CHR | SNP | Effect Allele | MAF (hapmap CEU) | Gene | SNP role | CAMP p : Permutation | CARE p | Effect Dirs | Combined p |
---|---|---|---|---|---|---|---|---|---|
10 | rs7915695 | C | 9.3% | CTNNA3 | Intronic | 6.45 * 10−6 | 2.14 * 10−5 | +/+ | 2.19 * 10−8* |
10 | rs7923078 | C | 11.5% | CTNNA3 | Intronic | 5.54 * 10−6 | 6.52 * 10−5 | +/+ | 3.02 * 10−8* |
10 | rs7923279 | T | 11.7% | CTNNA3 | Intronic | 5.54 * 10−6 | 8.09 * 10−5 | +/+ | 3.34 * 10−8* |
10 | rs6480203 | C | 11% | CTNNA3 | Intronic | 5.71 * 10−6 | 9.88 * 10−5 | +/+ | 3.79 * 10−8* |
10 | rs10997296 | A | 8.3% | CTNNA3 | Intronic | 6.09 * 10−5 | 6.34 *10−5 | +/+ | 4.9 * 10−7 |
2 | rs1484118 | A | 7.6% | TTN | Intronic | 1.95 * 10−6 | 0.08122 | +/+ | 7.24 * 10−7 |
2 | rs11893580 | G | 8.2% | TTN | Intronic | 2.36 * 10−6 | 0.09024 | +/+ | 9.60 * 10−7 |
2 | rs746578 | A | 7.5% | TTN | Coding | 1.93 * 10−6 | 0.09668 | -/- | 8.41 * 10−7 |
2 | rs4894042 | G | 8.3% | TTN | Intronic | 3.32 * 10−6 | 0.08119 | +/+ | 1.22 * 10−6 |
12 | rs7978398 | T | ?* | P2RX7 | Intronic | 1.45 * 10−6 | 0.2357 | +/− | 1.51 * 10−5 |
12 | rs11065464 | A | 19.5% | P2RX7 | Intronic | 1.95 * 10−6 | 0.2032 | −/+ | 2.28 * 10−5 |
12 | rs7958311 | A | 20% | P2RX7 | Coding | 4.89 * 10−6 | 0.08952 | −/+ | 9.85 * 10−5 |
7 | rs993312 | A | 27% | SEMA3D | Intronic | 1.45 * 10−6 | 0.9734 | +/− | 8.23 * 10−5 |
Indicates SNPs meeting significance thresholds for genome-wide significance (p < 5 * 10−8).
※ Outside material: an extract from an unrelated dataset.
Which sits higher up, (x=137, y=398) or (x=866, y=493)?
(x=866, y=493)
Combined p-value computed using Liptak-Stouffer method. Effect directions refer to the sign of CAMP beta values (leading the slash) and CARE beta values (trailing the slash), which are interpreted as the direction of exacerbations for each additional copy of the effect allele; ie, ‘+’ means each additional copy of the allele resulted in an increase of exacerbations. Effect Allele shown is the minor allele, and was used for meta analysis.
Table 3.
Gene | Chr | SNP | Position | Allele | P |
---|---|---|---|---|---|
TTN | 2 | rs13390491 | 179582327 | T | 0.7638 |
TTN | 2 | rs4894044 | 179632133 | A | 0.1982 |
SEMA3D | 7 | rs993312 | 84747844 | A | 0.00825* |
CTNNA3 | 10 | rs7915695 | 68444734 | C | 0.8236 |
SNPs assayed in BioVU using Taqman (Applied Biosystems). These represent four distinct loci in different linkage disequilibrium blocks.
Indicates rs993312 was significant after multiple testing correction for four tests.
While we have analyzed these variants for association with an asthma severity phenotype: exacerbations; for comparison, we also checked the top two associations in SEMA3D and CTNNA3 for association with asthma affection status. Additionally the rs993312 risk allele A, in SEMA3D, was also associated with asthma occurrence in a large asthma meta-analysis (p = 0.047, GABRIEL)[35]. The CTNNA3 risk allele, C, for rs7915695 showed suggestive evidence in the same (p = 0.14, GABRIEL)[35]. Compared with our own results, the same alleles both increase occurrence of asthma and occurrence of asthma exacerbations. We further checked SEMA3D gene products for expression differences in asthmatic vs. control samples from ABRIDGE, finding a significant effect in bronchoalveolar samples (p = 0.0295, n = 43, regression test, Supplemental Figure 10), where SEMA3D expression was somewhat increased in cases relative to controls. In a small sample of human airway smooth muscle cells (n = 15), SEMA3D expression was found to differ significantly between asthma cases and age/sex matched controls (q = 0.011, transcriptome-wide adjusted value, Cuffdiff v.2.1.1), with greater expression in asthmatic samples. CTNNA3 was not expressed in ASM cells, nor was it significantly differentially expressed in bronchoalveolar samples.
Discussion
We found evidence for two loci of association with asthma exacerbation: one in CTNNA3 reached genome-wide significance thresholds in the meta-analysis of two pediatric cohorts; the other in SEMA3D replicated in an adult, diverse, real-life population, and in particular in African Americans.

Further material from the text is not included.